- Artist: Roy Lichtenstein
- Year: 1963
- Movement: Pop art
- Dimensions: 142.2 cm × 142.2 cm (56 in × 56 in)
- Location: The John and Kimiko Powers Collection;

= Varoom! =

Painting by Roy Lichtenstein

Varoom! is a 1963 pop art painting by Roy Lichtenstein that depicts an explosion and the onomatopoeic sound that gives it its name.

== Background ==

Varoom, 1965

In the early- and mid-1960s Lichtenstein produced several of his most notable works, many with themes of war or romance, but others with themes of explosions or brushstrokes.
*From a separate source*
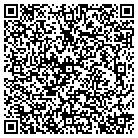 QR code with P And P Demolition Inc contacts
Several of Lichtenstein's large-scale depictions of explosions, such as Varoom! are iconic.
Varoom! along with Whaam! and Bratatat! are among Lichtenstein's most recognizable onomatopoeic works and was in a sense part of Lichtenstein's response to action painting.

Lichtenstein's list of aeronautically themed works is extensive. Varoom! is an explosion that is regarded as part of that theme. Varoom!, which depicts an instantaneous explosion, is composed of the primary colors presented over a light dotted background. Black and white specs add crackle to the composition. The block-lettered text, "VAROOM!", stands out, giving a title to the shattering event.

In 1964, this painting served as the basis for the beginning of Lichtenstein's sculptural efforts, when he produced an enameled steel work that extended his theme of flatness. In 1965, he extended this theme to ceramic art.

Lichtenstein also created another painting entitled Varoom (no exclamation point, 1965).

== Critical appraisal ==

Varoom!, which spews action and drama, is based on the "visual language of comics", unlike the romance and war comic-based work that focuses more on the narrative than the graphic details as this work does.